> **SUPPLIED INFORMATION**
——
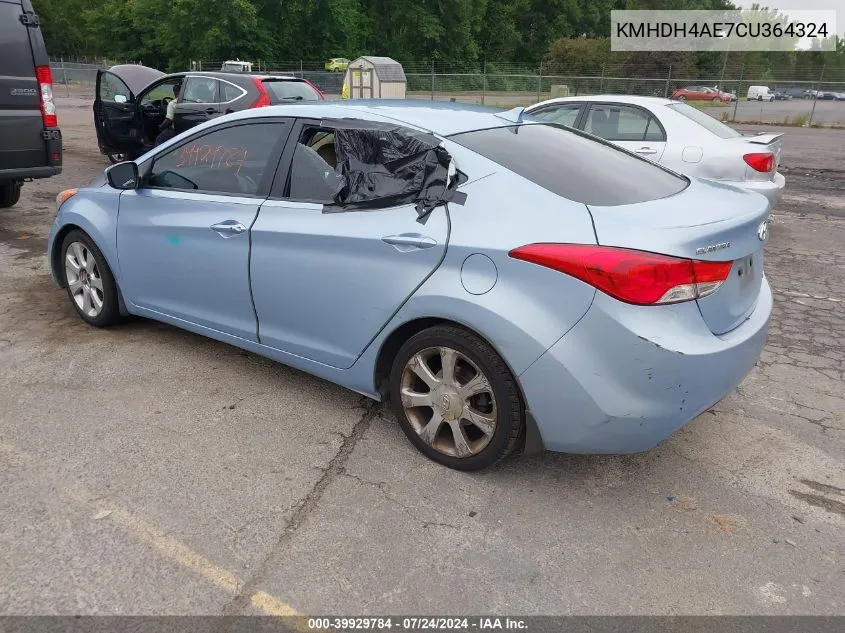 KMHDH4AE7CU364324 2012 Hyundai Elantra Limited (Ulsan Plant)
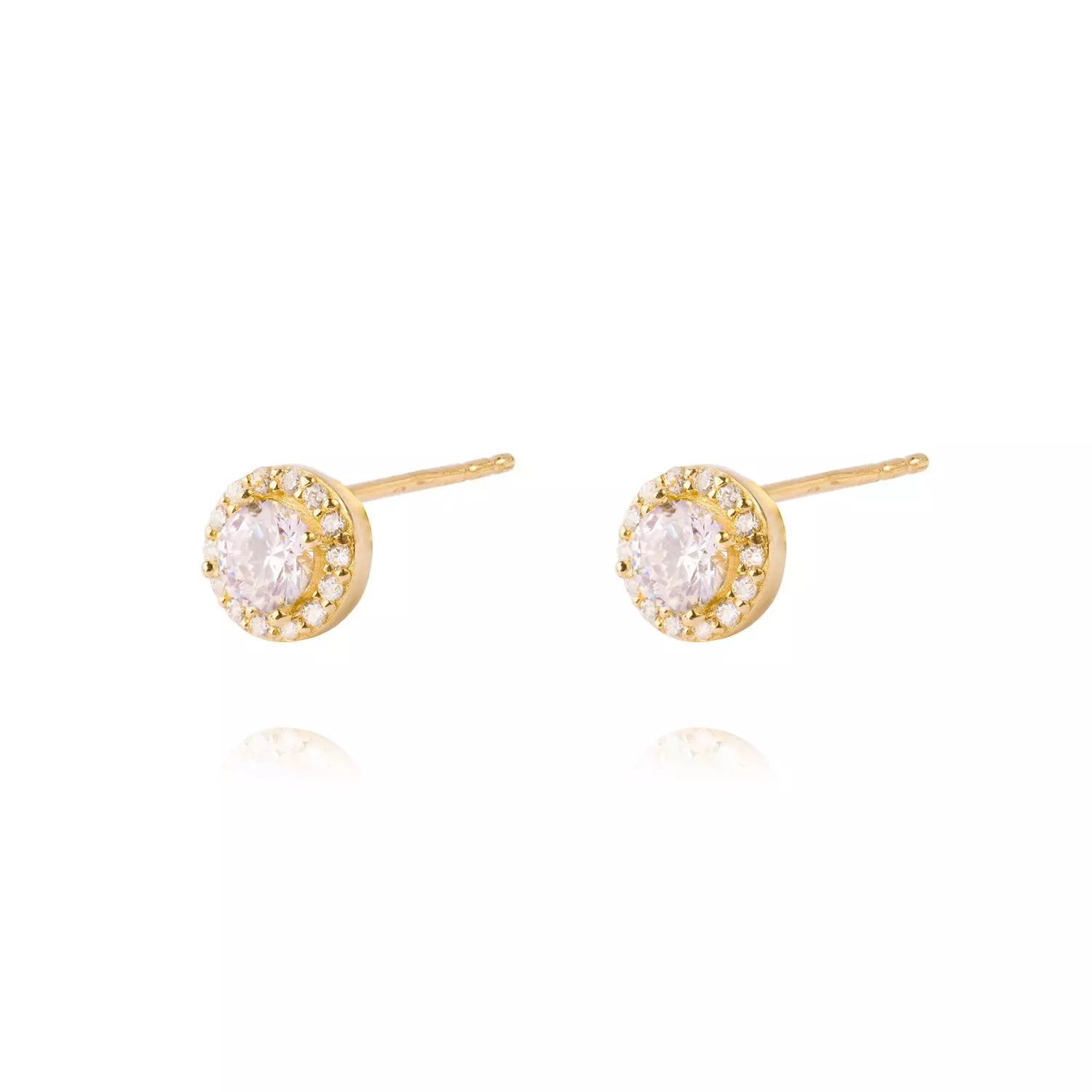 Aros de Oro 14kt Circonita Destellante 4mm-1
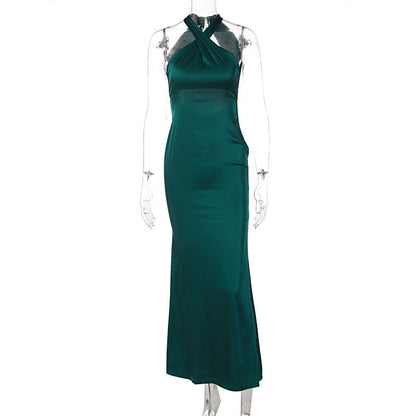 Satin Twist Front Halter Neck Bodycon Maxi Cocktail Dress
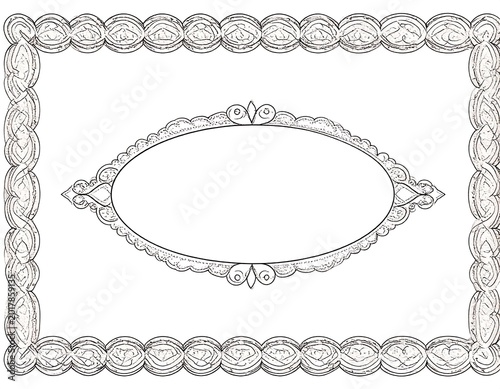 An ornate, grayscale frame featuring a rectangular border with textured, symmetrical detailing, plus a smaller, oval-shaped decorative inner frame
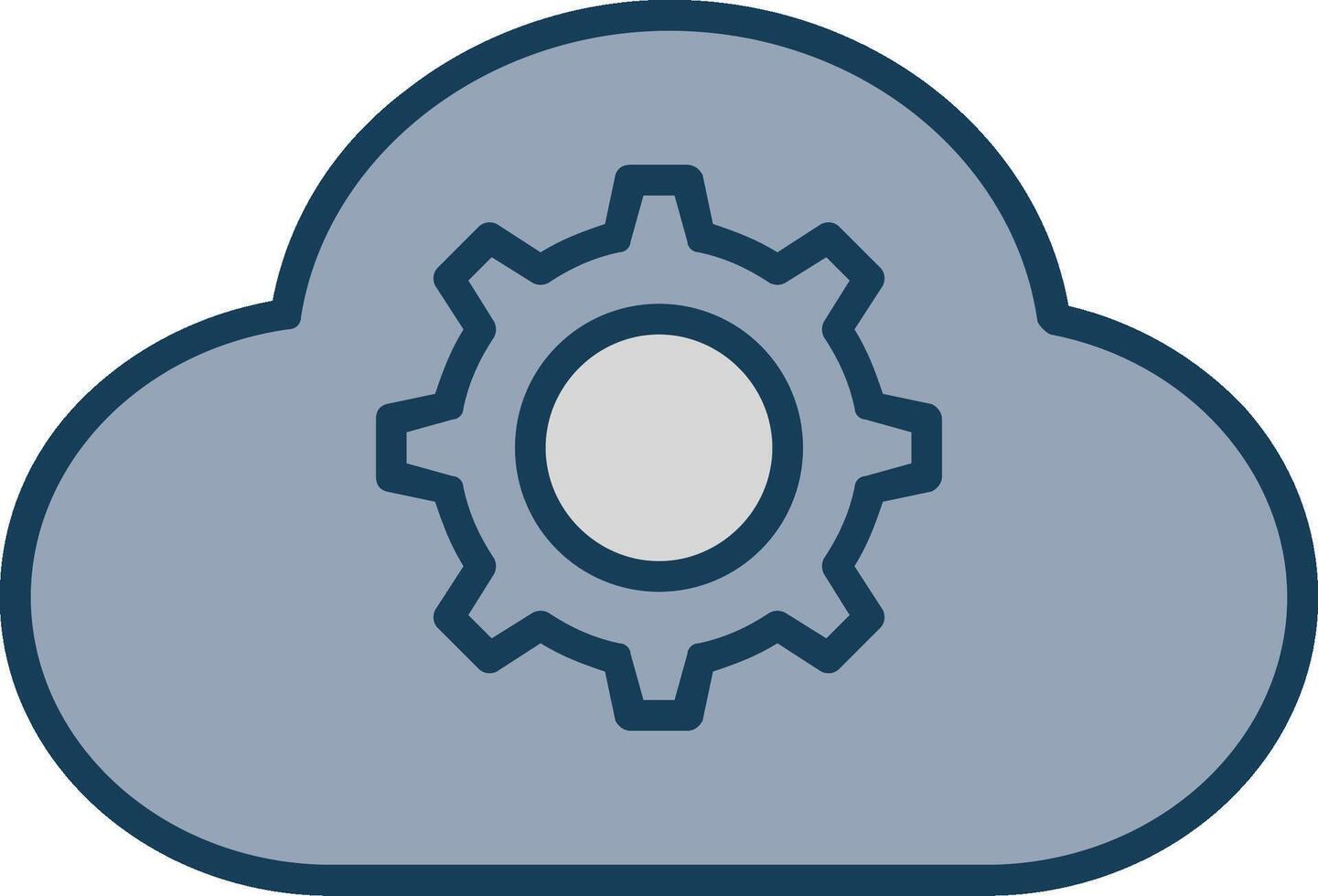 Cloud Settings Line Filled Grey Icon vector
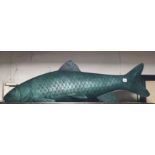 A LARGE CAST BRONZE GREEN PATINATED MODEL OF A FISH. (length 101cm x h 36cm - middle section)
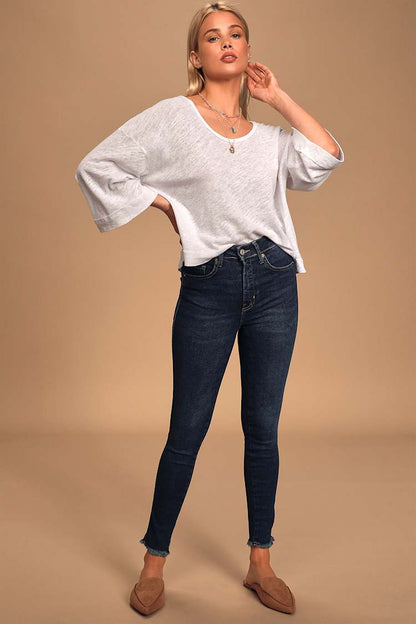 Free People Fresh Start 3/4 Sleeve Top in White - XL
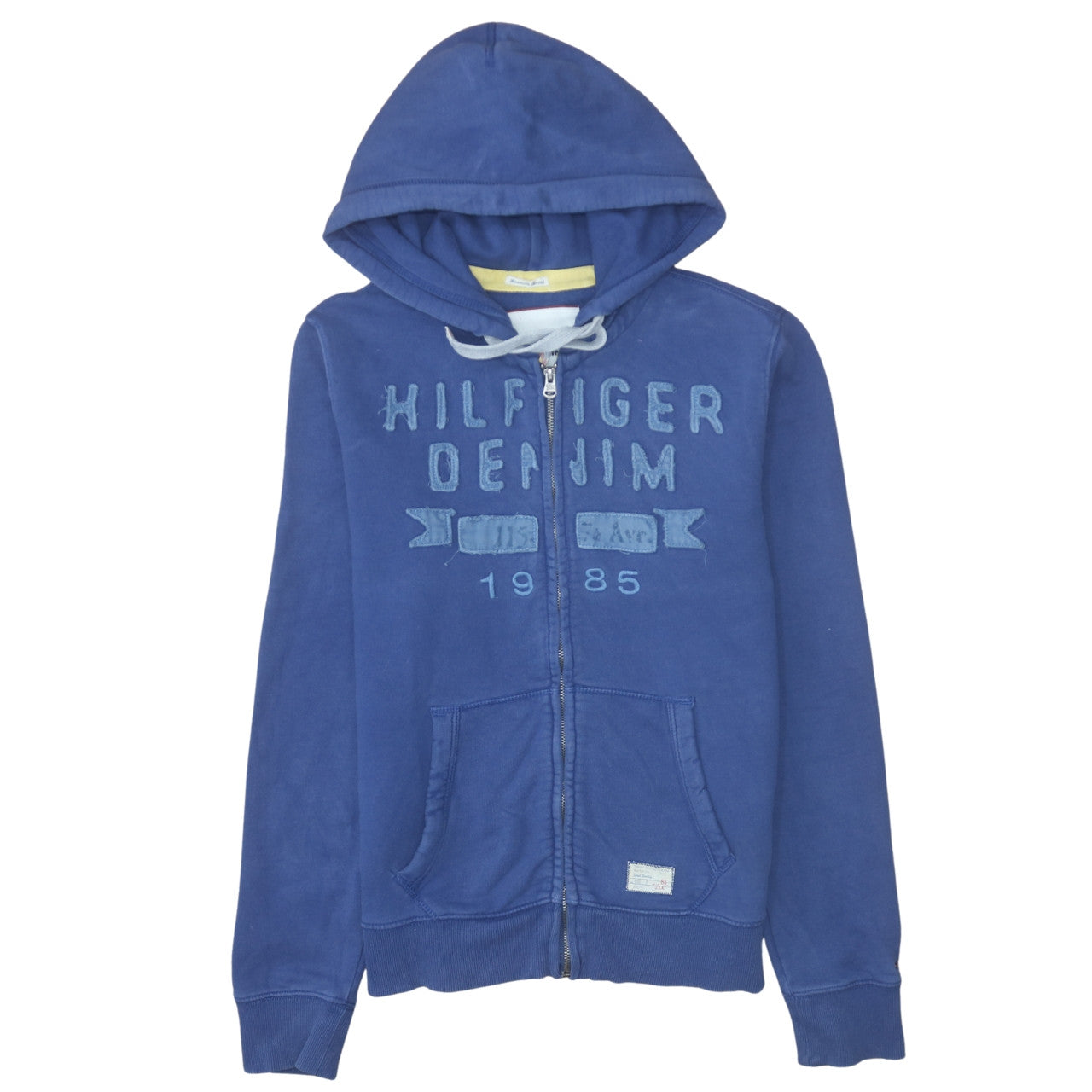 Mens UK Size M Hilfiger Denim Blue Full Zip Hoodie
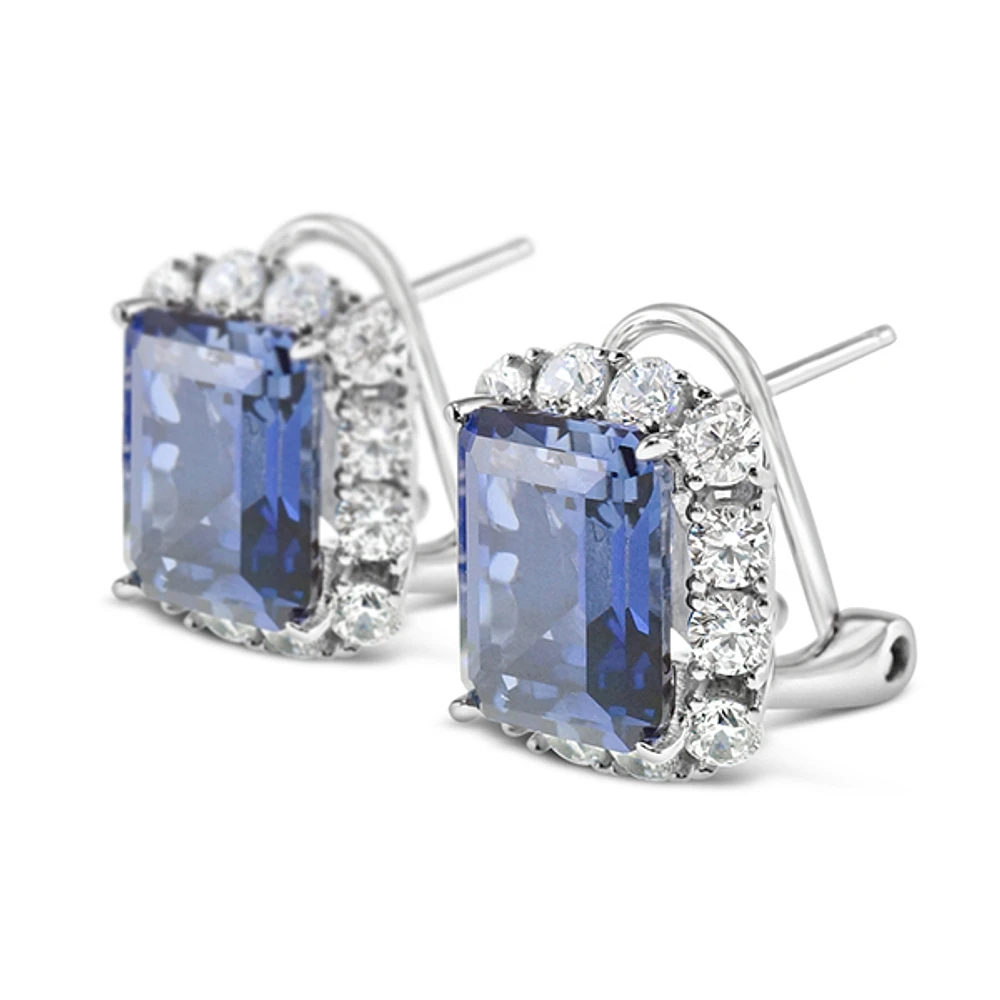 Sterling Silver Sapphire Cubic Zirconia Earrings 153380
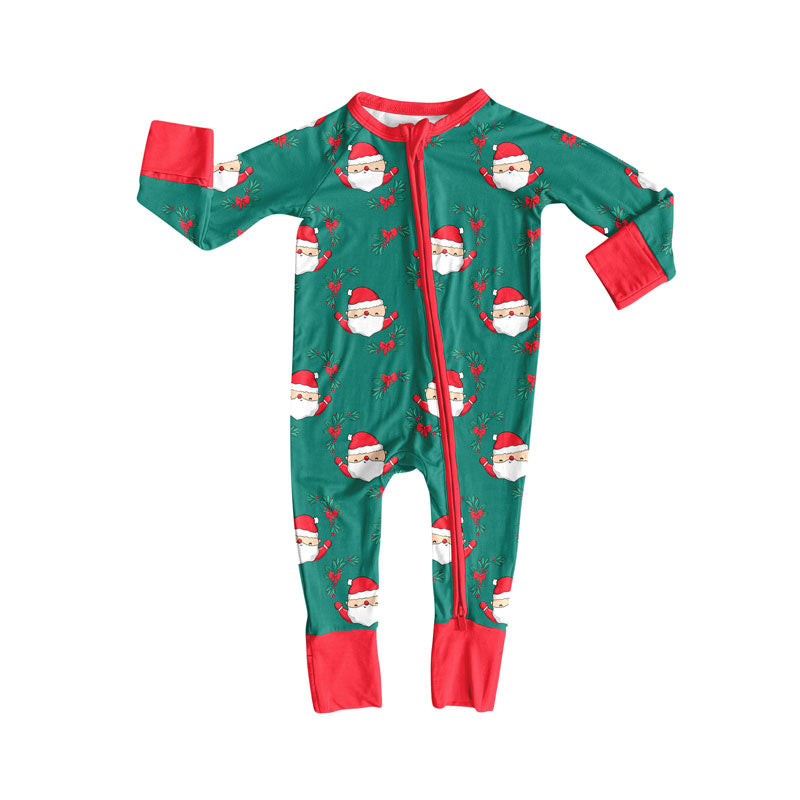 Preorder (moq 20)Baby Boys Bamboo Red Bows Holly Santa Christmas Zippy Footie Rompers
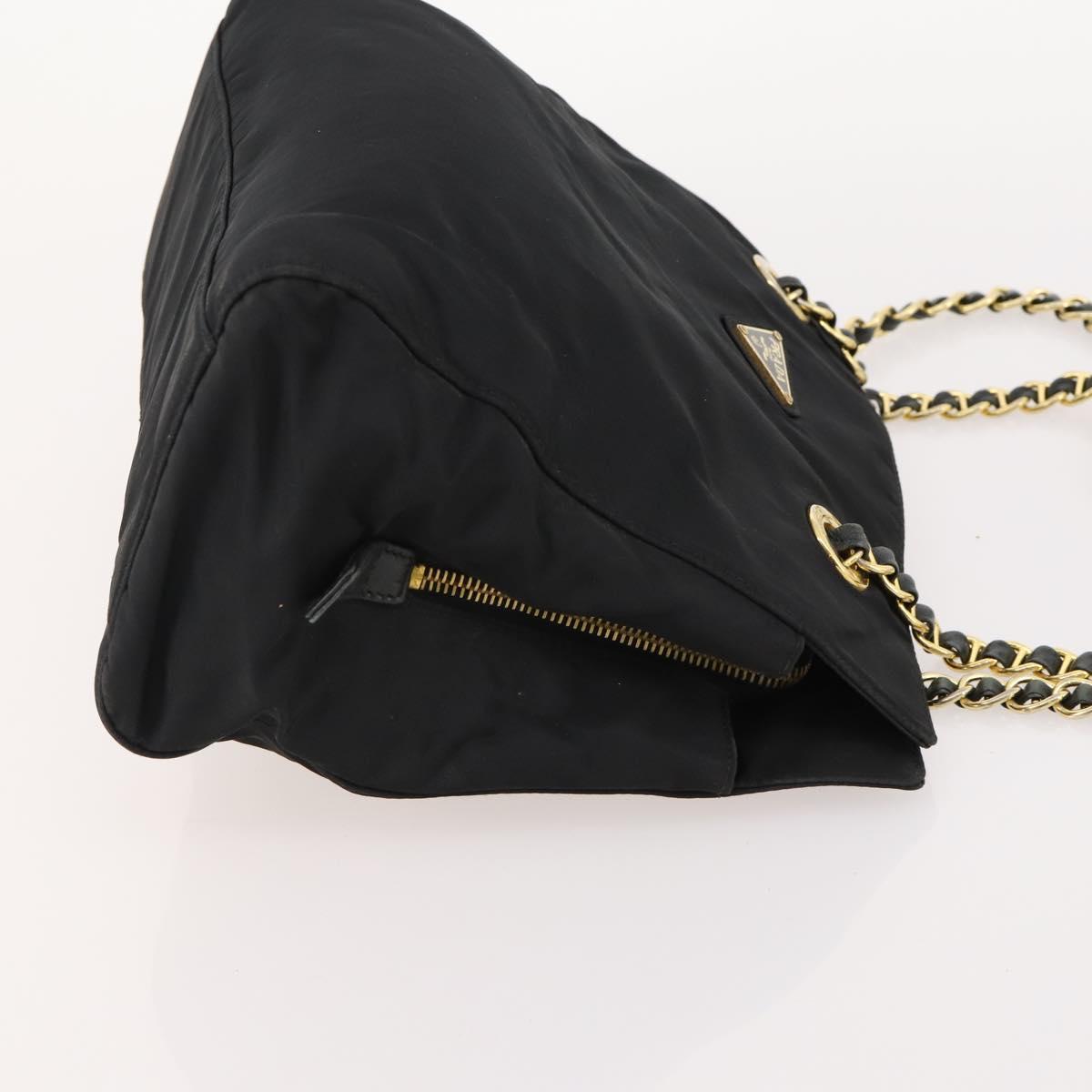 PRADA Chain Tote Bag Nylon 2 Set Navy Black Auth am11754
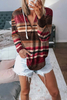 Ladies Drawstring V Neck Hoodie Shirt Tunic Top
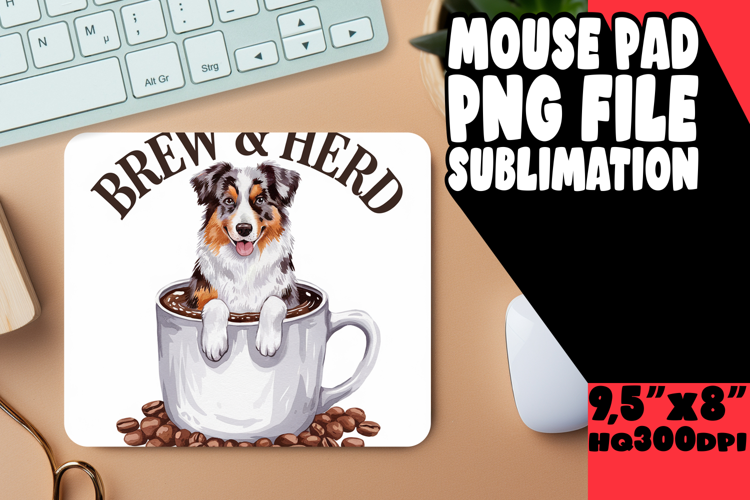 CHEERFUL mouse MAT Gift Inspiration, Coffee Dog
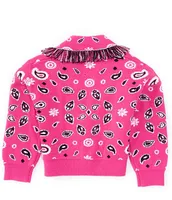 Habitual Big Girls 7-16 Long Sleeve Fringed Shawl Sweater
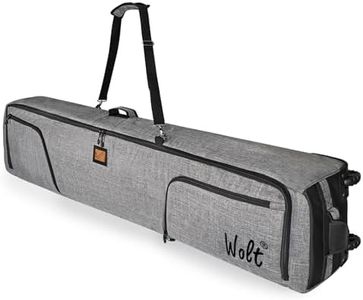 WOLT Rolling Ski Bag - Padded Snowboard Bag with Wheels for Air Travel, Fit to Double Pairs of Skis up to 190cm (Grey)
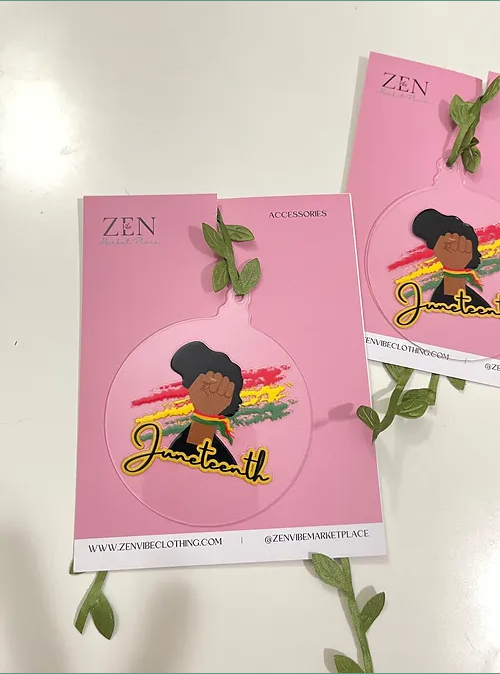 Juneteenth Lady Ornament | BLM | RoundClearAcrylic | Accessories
——
> **DESCRIPTION OF THE TASK**
Without the pictures, copy the entries from their first line through the line containing "WOLT Rolling Ski", and only those lines.

> **RESPONSE BELOW**
 KMHDH4AE7CU364324 2012 Hyundai Elantra Limited (Ulsan Plant)
 Aros de Oro 14kt Circonita Destellante 4mm-1
 Satin Twist Front Halter Neck Bodycon Maxi Cocktail Dress
 An ornate, grayscale frame featuring a rectangular border with textured, symmetrical detailing, plus a smaller, oval-shaped decorative inner frame
 Cloud Settings Line Filled Grey Icon vector
 A LARGE CAST BRONZE GREEN PATINATED MODEL OF A FISH. (length 101cm x h 36cm - middle section)
 Free People Fresh Start 3/4 Sleeve Top in White - XL
 Mens UK Size M Hilfiger Denim Blue Full Zip Hoodie
 Sterling Silver Sapphire Cubic Zirconia Earrings 153380
 Preorder (moq 20)Baby Boys Bamboo Red Bows Holly Santa Christmas Zippy Footie Rompers
 PRADA Chain Tote Bag Nylon 2 Set Navy Black Auth am11754
 Ladies Drawstring V Neck Hoodie Shirt Tunic Top
 CHEERFUL mouse MAT Gift Inspiration, Coffee Dog
 Habitual Big Girls 7-16 Long Sleeve Fringed Shawl Sweater
 WOLT Rolling Ski Bag - Padded Snowboard Bag with Wheels for Air Travel, Fit to Double Pairs of Skis up to 190cm (Grey)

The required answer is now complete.